Y creo que es allí, alrededor de la fogata, cuando el público y quien cuenta la historia se encuentran, que nace la narración.
Comprendo
y respeto el ejercicio de esos que escriben exclusivamente para sí
mismos. Esa persona que escribe un diario personal en un cuaderno que
cuando se llene será arrojado a la chimenea, me parece un sujeto
extraordinario. Pero no es un narrador, igual que quien exclusivamente
canta en la ducha, cuando sabe que nadie lo está escuchando, no es un
cantante. No importa que tan talentosos sean, si no tienen público no
existen como cantante y narrador.
Entonces si me
preguntaran para qué insistir en narrar no tendría una respuesta clara.

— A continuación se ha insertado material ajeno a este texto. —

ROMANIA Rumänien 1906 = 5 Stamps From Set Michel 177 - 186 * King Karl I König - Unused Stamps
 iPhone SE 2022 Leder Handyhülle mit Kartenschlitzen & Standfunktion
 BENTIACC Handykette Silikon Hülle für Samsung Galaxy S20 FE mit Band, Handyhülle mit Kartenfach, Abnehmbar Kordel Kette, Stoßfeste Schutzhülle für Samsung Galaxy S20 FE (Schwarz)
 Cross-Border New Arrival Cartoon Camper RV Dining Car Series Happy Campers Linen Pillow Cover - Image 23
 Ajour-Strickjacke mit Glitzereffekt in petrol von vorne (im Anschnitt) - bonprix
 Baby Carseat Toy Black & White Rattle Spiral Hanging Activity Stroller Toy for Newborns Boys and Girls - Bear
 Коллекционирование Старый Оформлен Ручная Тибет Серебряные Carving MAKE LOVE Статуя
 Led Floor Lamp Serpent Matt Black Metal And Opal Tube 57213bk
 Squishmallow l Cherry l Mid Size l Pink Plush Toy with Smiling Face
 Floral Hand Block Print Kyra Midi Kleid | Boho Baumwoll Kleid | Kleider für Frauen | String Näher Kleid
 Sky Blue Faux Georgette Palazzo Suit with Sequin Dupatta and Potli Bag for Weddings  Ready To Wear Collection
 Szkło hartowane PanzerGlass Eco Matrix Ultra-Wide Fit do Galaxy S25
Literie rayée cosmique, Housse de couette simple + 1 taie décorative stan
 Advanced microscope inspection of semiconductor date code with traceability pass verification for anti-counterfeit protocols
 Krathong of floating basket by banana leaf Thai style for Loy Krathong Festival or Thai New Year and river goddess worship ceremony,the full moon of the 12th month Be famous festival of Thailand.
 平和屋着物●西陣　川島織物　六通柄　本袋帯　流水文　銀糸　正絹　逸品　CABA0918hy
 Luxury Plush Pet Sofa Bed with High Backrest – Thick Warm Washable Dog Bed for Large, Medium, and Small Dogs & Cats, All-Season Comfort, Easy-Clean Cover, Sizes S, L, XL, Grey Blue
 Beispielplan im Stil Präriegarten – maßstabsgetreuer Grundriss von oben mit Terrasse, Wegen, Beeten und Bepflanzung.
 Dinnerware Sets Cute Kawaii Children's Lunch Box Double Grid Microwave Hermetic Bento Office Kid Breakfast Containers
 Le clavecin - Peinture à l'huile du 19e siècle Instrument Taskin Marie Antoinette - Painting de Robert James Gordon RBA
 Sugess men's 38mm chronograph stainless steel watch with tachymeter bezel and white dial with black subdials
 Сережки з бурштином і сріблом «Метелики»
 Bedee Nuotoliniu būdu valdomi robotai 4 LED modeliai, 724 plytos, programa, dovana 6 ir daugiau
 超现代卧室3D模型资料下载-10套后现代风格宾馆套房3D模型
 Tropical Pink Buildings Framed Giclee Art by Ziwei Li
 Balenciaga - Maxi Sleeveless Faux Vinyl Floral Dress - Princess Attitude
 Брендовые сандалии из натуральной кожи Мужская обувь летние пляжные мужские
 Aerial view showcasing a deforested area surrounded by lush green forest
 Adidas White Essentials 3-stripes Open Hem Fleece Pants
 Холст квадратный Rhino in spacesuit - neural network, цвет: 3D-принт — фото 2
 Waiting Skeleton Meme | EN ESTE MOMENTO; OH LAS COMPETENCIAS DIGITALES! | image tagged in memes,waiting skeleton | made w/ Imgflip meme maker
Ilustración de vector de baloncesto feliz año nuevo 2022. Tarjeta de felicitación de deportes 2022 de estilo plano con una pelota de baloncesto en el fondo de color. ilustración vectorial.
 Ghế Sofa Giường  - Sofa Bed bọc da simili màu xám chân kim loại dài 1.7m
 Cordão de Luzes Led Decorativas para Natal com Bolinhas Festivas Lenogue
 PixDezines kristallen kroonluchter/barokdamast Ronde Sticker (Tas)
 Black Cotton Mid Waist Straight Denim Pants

Aún no la tengo. Narro porque me gusta hacerlo, porque soy bueno
haciéndolo, porque si un día nos sentamos alrededor de una fogata mis
historias probablemente obtengan una mejor respuesta que los casos de un
abogado. Narro porque me gusta ser escuchado, y porque siempre,
siempre, hay gente que está dispuesta a escuchar mis historias, así
después me llamen mentiroso y todos nos riamos un rato. Y si nunca llego
a ser Gabo o Vallejo, si nunca escribo nada que valga la pena... bueno,
en ese caso, en mi próxima vida me haré boxeador o gato casero.